Avec cette série, Xu Zhen by MadeIn Company ironise avec sagacité sur les rapports esthétiques qui lient l’art et la misère. Réalisés avec grande virtuosité technique à la peinture à l’huile, une exécution traditionnelle dans le choix des cadrages et des clairs-obscurs d’inspiration flamande, ces intérieurs ruraux démunis gagnent en majesté et en noblesse par le traitement de cette facture classique.
C’est précisément en confrontant un intérêt esthétique à des principes éthiques que Xu Zhen Produced by MadeIn Company déstabilise la morale et ébranle la conscience du spectateur pour questionner nos critères d’appréciation de la beauté face à une somptueuse indigence. Ces lieux désincarnés assemblent des paillasses sales, des paniers d’osiers aux tressages disjoints, des couchages branlants de bois et de crin aux linges maculés et rapiécés sur un sol de terre battu ou de béton poussiéreux. Seuls les vestiges d’une présence humaine hypothétique colorent ces théâtres sordides: un buisson vert ardent de pousses de feuilles, un poster de Mao sur le mur lézardé, une paire de chaussures élégantes, un voilage parme aux franges dorées, des faucilles de moisson et ustensiles de cuisine poisseux, des sacs blancs de riz évidés, une couette au motif composé fleuri ou encore une veste au bleu intense.

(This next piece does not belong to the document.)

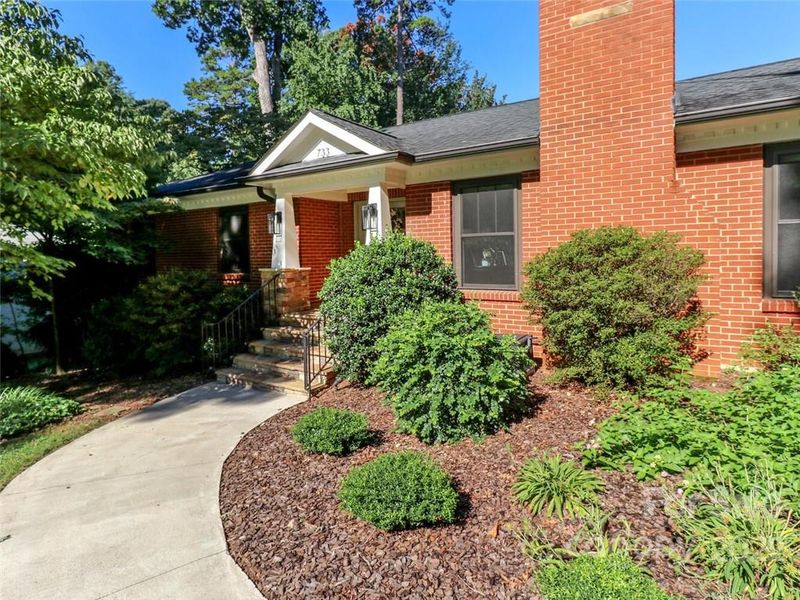 733 Larkhall Ln, Charlotte, NC 28211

Xu Zhen et la maison de production artistique MadeIn Company — fondée en 2009 par l’artiste protéiforme, font figure d’exception dans le marché international de l’art contemporain. En reproduisant dans un catalogue une peinture de la série Prey accrochée dans un intérieur opulent de collectionneur — manifestement au moyen d’un montage Photoshop, on nous donne à voir des photographies dans des demeures luxueuses qui sont des peintures réalisées sur la base de photographies d’habitations misérables.
La confusion des genres trouble la perception de son travail et remet en question la construction du sens de l’œuvre, déréglée par une construction binaire pourtant simple qui oppose la pauvreté à la richesse. Prey signifiant en anglais Proie, on ne sait plus tout à fait si le terme désigne le paysan exploité par les riches ou si c’est le collectionneur et le marché de l’art qui sont dans le viseur de l’artiste.